Your PR History Is a Training Dataset

I love the idea that a team's code review history is a dataset. Hundreds of PRs, thousands of comments, years of accumulated judgment about what matters and what doesn't. The problem is that all of that knowledge lives scattered across PR comment threads, largely invisible to anyone who wasn't in the conversation.

AI tools can already do code review, but it's generic. It doesn't know what your team cares about. It doesn't know your architecture, your deployment quirks, or the bugs you've already been burned by.

Building a Team-Aware Reviewer

After getting some particularly valuable PR feedback from teammates, I wanted to see if I could capture what our team actually values when reviewing our codebase, not what a generalized model thinks good code looks like.

It started small. I pointed Claude at a few PRs with strong review feedback and asked it to analyze the patterns: what did reviewers care about, and why? From that analysis, it generated a skill that predicts likely reviewer feedback on a diff before submission. I tested it for a week and the results were qualitatively different from generic AI review. Instead of boilerplate suggestions, Claude was catching the same things my teammates would flag: logic in the wrong architectural layer, missing edge cases the team has been burned by before, naming inconsistencies that break established conventions.

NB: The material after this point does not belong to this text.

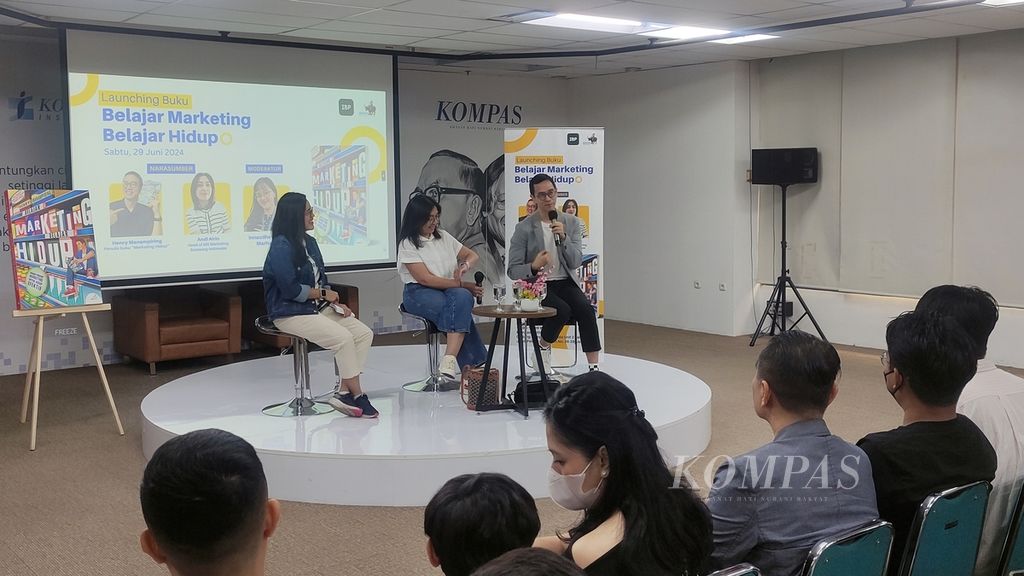 Suasana bincang dalam peluncuran buku <i>Belajar Marketing Belajar Hidup</i> karya Henry Manampiring (kanan) di Kompas Institute, Jakarta, Sabtu (29/6/2024). Selain Henry, hadir juga sebagai pembicara, yakni Andi Airin, Head of MX Marketing Samsung Indonesia. Peluncuran ditandai dengan penyerahan buku secara simbolis dari Wakil Pemimpin Redaksi <i>Kompas</i> Adi Prinantyo kepada Henry Manampiring.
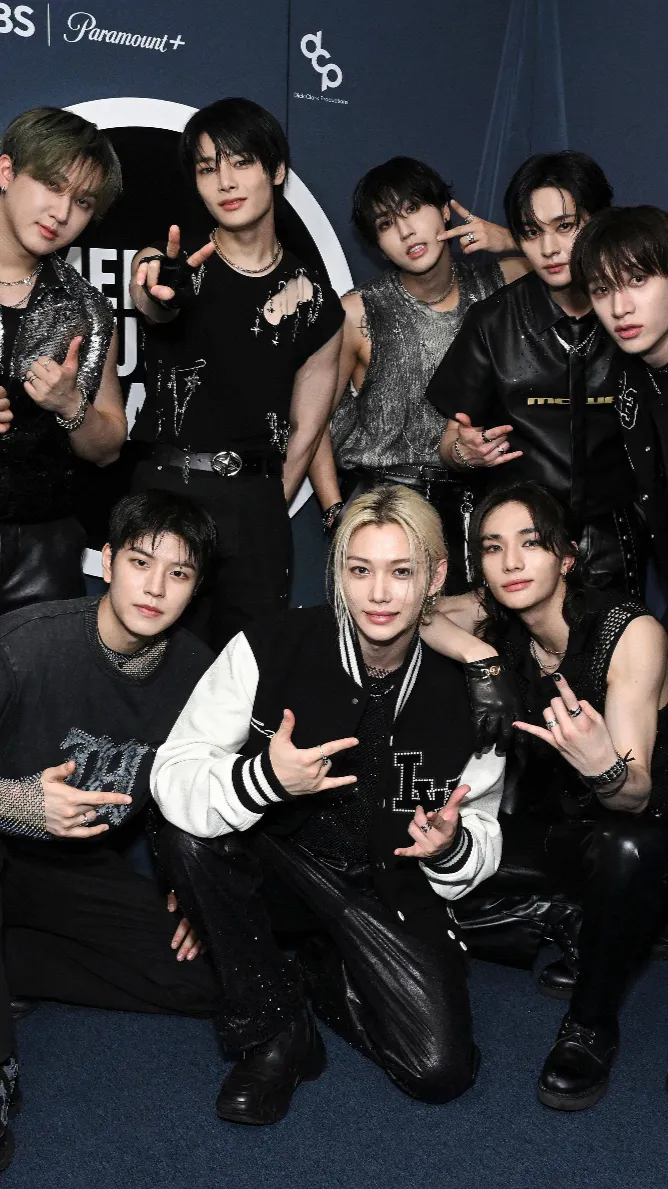 ai character: Sick SKZ ☹️ background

It wasn't perfect. But it was useful enough that I started running it on every PR before requesting review.

From there I widened the scope. Claude analyzed ~500 merged PRs and extracted a prioritized taxonomy of 17 review categories, ranked by how frequently they appear in our team's actual feedback. The ranking reflects what the team actually catches, not what we think we should care about.

Closing the Loop

Static checklists go stale. So I built a second skill that tells Claude how to rebuild the first one. It fetches recent merged PRs, extracts substantive review comments, categorizes them against the existing taxonomy, identifies new patterns, flags stale ones, and proposes updates. The patterns are team knowledge, not individual voices (reviewer attribution is always stripped).

Together, the two skills form a feedback loop: real reviews train the prediction skill, predictions catch issues before review, and periodic refreshes keep patterns current as the codebase evolves.

Replicating This on Any Team

The approach generalizes to any team with a review culture. Point Claude at your team's merged PRs, ask it to analyze the review patterns, and have it generate a prediction skill. Build a refresh skill so the patterns stay current. The skills are just markdown files in your repo, picked up automatically by their AI tool of choice. No infrastructure, no deployment, no maintenance burden.

The raw material is already sitting in your PR history.